Starting at the line holding "Precious Gift Baby Feet Charm Pendant" and finishing at the line holding "Geox Kozaki zimowe", transcribe the material exactly, keeping both ends but no pictures.

■ Source material:
______________________________

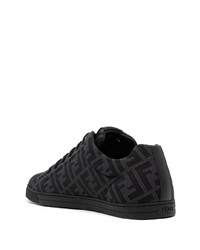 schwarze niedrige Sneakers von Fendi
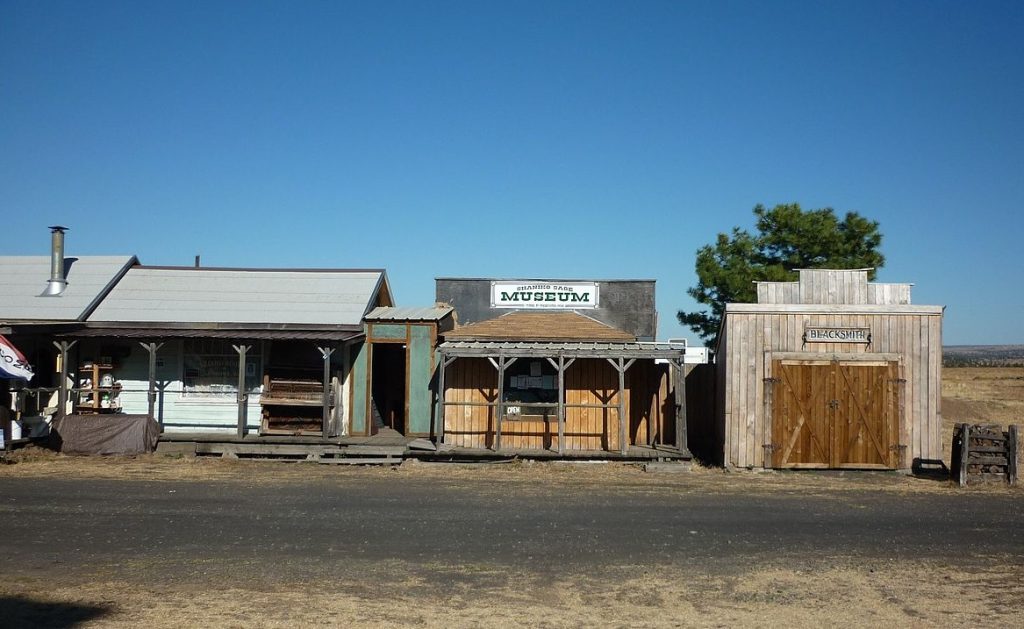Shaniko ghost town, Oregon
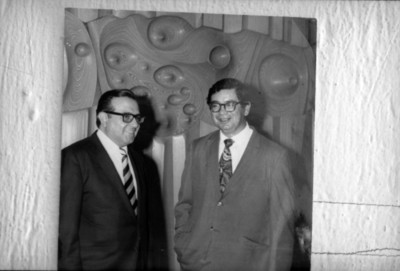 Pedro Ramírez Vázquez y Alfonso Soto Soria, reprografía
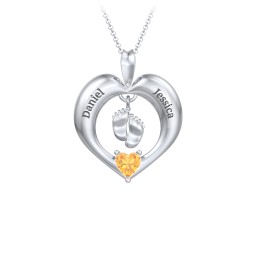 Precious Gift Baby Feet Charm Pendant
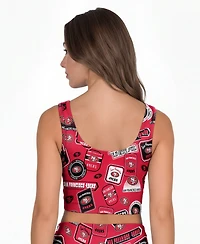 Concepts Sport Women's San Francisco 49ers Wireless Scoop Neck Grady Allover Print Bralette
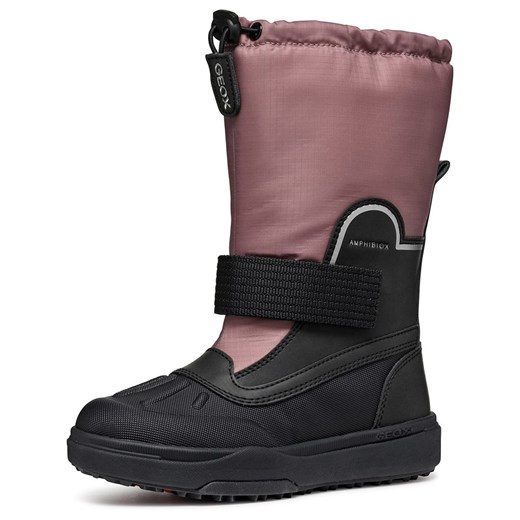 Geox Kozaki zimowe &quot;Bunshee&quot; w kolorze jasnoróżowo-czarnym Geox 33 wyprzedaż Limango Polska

______________________________

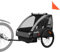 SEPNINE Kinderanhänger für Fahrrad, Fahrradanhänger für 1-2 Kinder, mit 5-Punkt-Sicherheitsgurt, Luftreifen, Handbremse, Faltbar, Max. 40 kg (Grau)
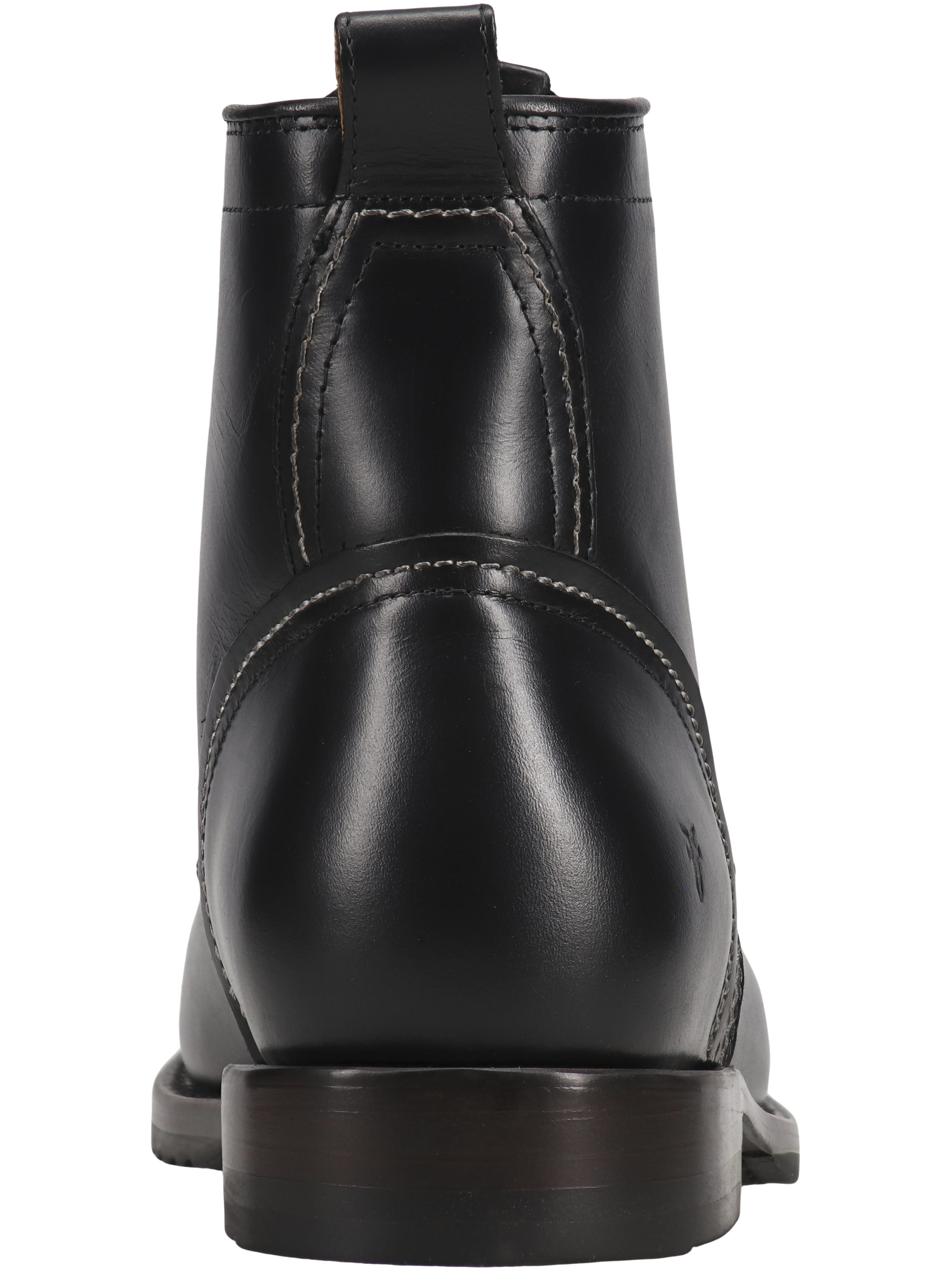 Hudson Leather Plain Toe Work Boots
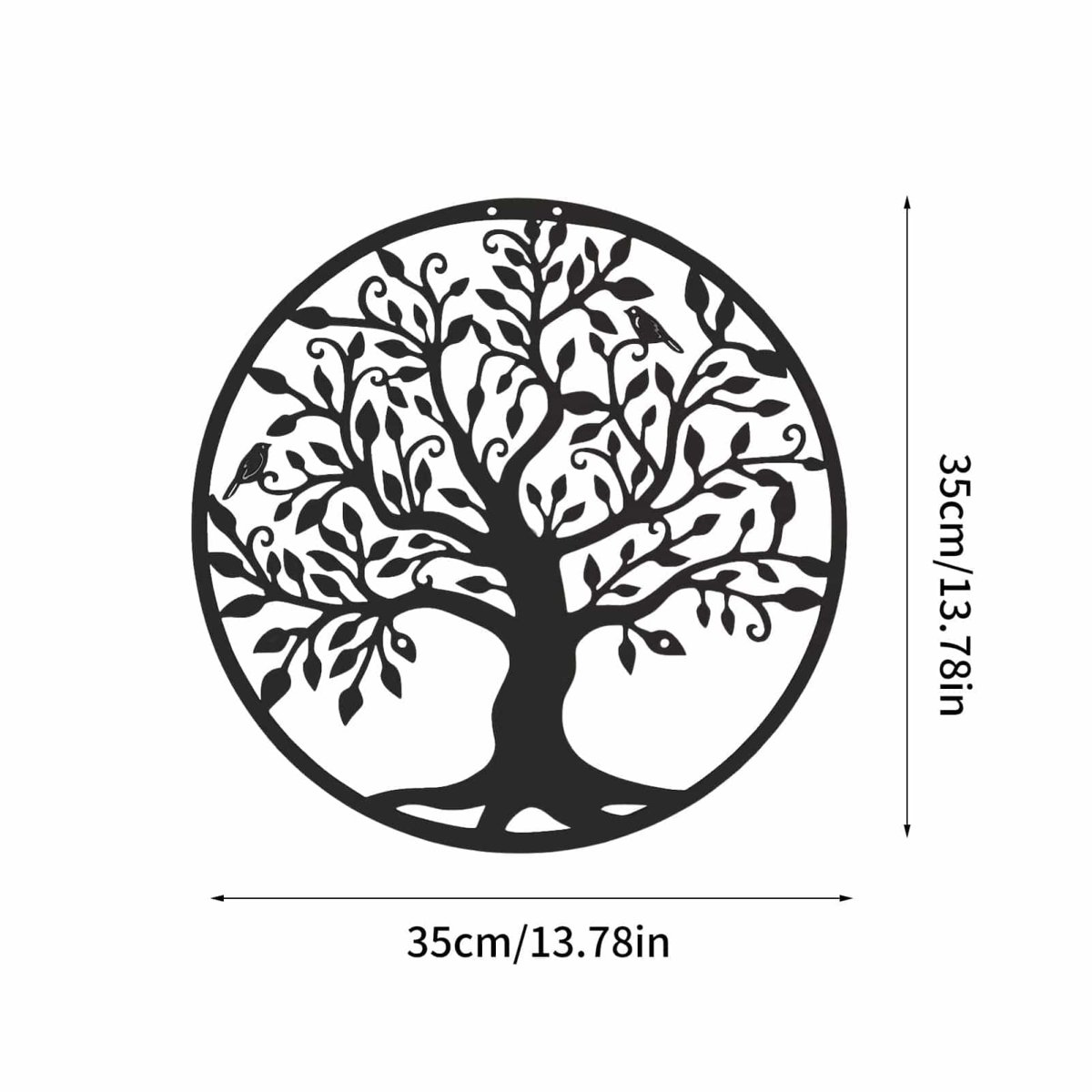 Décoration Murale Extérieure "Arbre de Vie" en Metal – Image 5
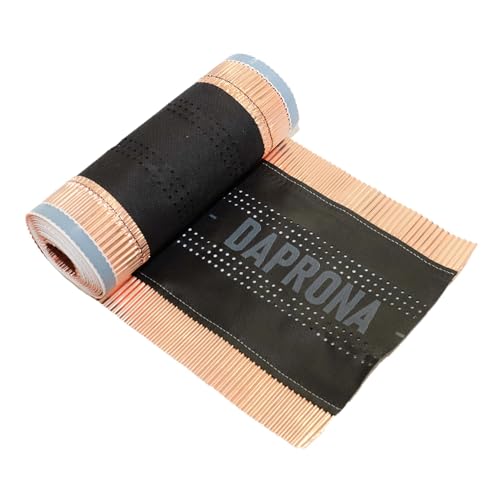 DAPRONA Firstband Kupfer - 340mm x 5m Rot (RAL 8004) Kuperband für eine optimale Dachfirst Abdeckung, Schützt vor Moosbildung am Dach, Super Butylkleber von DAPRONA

______________________________

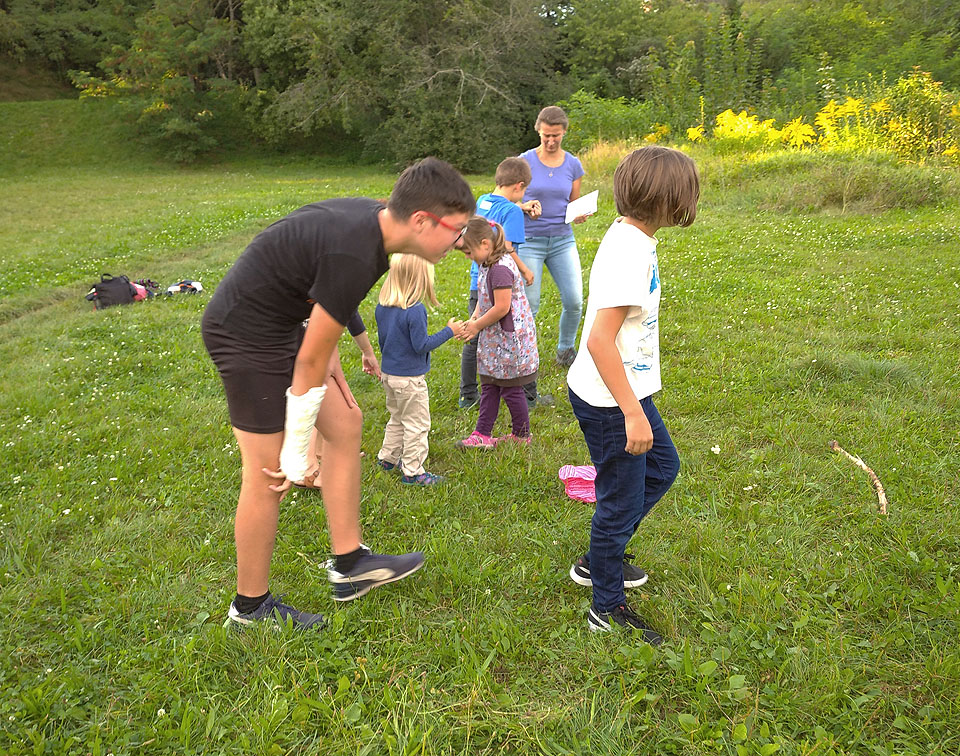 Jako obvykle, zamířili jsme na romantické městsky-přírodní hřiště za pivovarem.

______________________________

■ Task solution:
 Precious Gift Baby Feet Charm Pendant
 Concepts Sport Women's San Francisco 49ers Wireless Scoop Neck Grady Allover Print Bralette
 Geox Kozaki zimowe &quot;Bunshee&quot; w kolorze jasnoróżowo-czarnym Geox 33 wyprzedaż Limango Polska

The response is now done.